A seller also has a common law “tort-based” duty to disclose “latent material defects” the seller actually knows about. This duty applies regardless of whether the seller also has contractual disclosure duties. However, the duty is far less onerous than the disclosure obligations in the CREC forms—“latent material defects” are generally physical issues with the property such as structural problems that are not easily detected with a brief inspection.

So, back to our example with your great aunt’s house. The broken pipe is responsive to more than one item on the Seller’s Property Disclosure Form, so you have a contractual duty to disclose it no matter how long ago it occurred or how well it has been repaired. You probably don’t have a tort duty to disclose it because it has been fully repaired. Regarding asbestos – you probably have no legal duty disclose because it is not within your personal knowledge. That said, I would advise telling potential buyers about the possibility of asbestos anyway. This way, the buyers cannot accuse you hiding it from them. Another approach is to put a provision in the buy-sell contract that the seller has no obligation to disclose anything about the property at all.

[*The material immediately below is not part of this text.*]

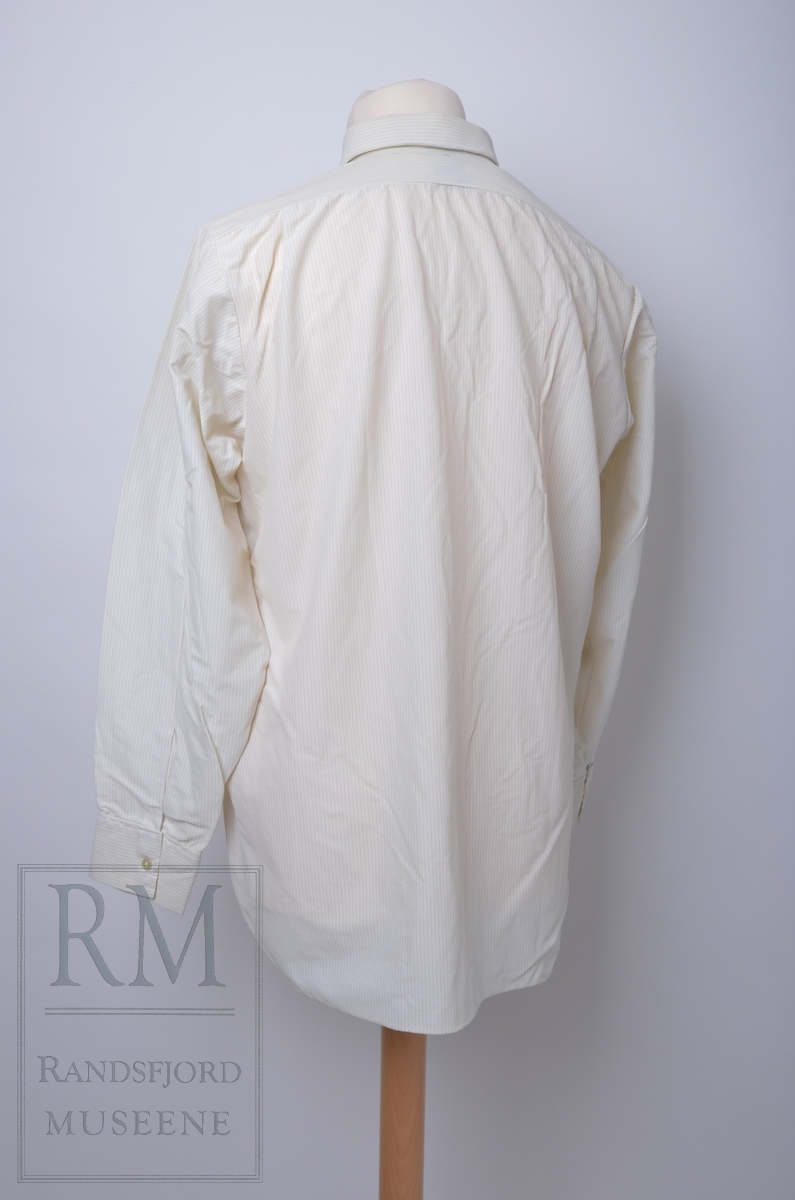 Form: Typisk herreskjorte fra 1970-tallet, avstivet krage og mansjetter, dobbelt tøylag over skuldrene.
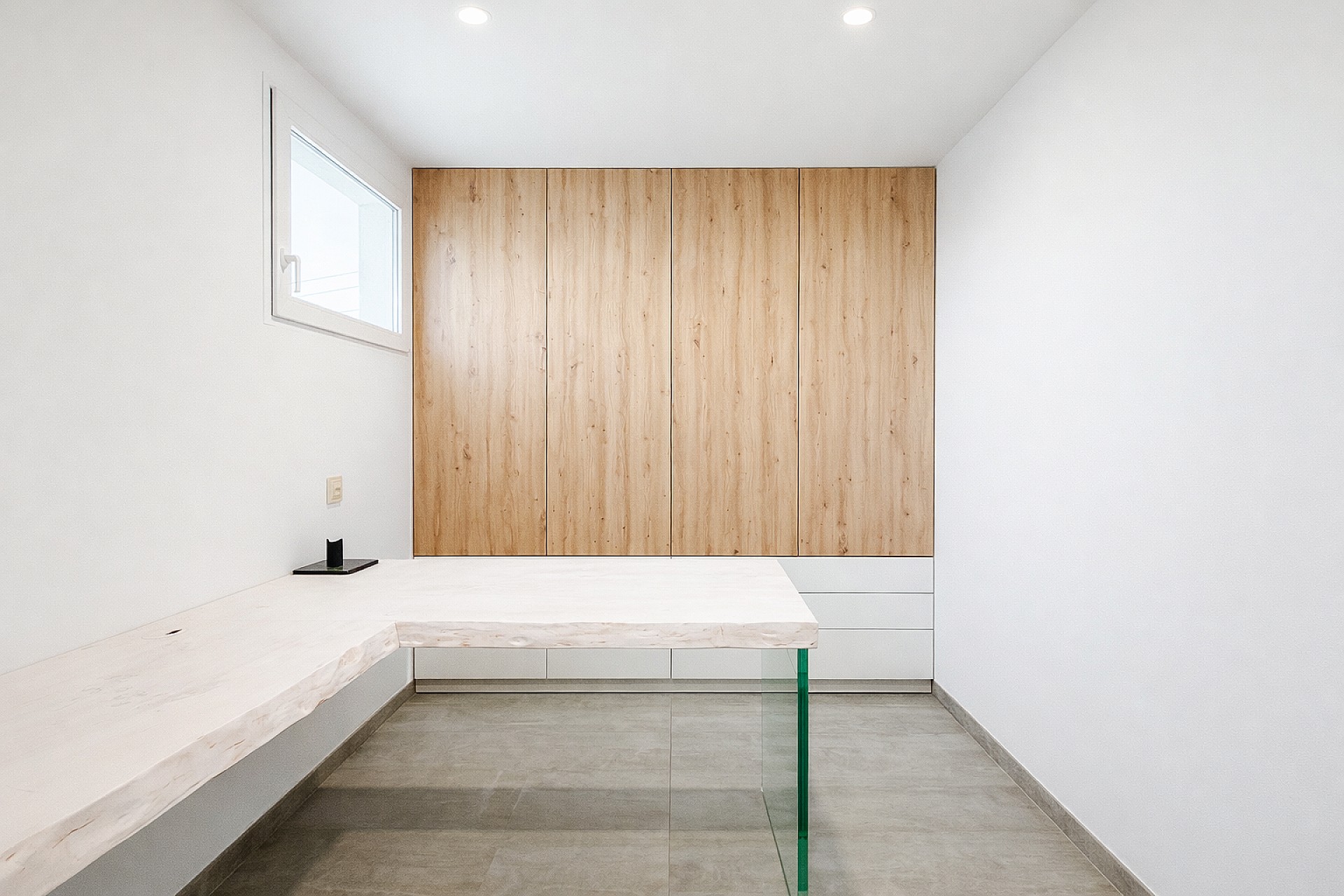 Resale - 4 Bedroom 2 Bathroom Commercial in Villena -  - Alicante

Let’s say that you decide to keep quiet about the asbestos and you did not see the asbestos test results in your great aunt’s papers showing that every drywalled surface in the house is contaminated. The buyers are mad – they wanted to do a down-to-the-studs remodel and asbestos abatement is going to cost $30,000. They say you “should have” known about the asbestos and therefore “should have” disclosed it. Can you be liable for this “negligent nondisclosure?” Probably not, but Colorado law is not crystal clear, which is all the more reason to disclose.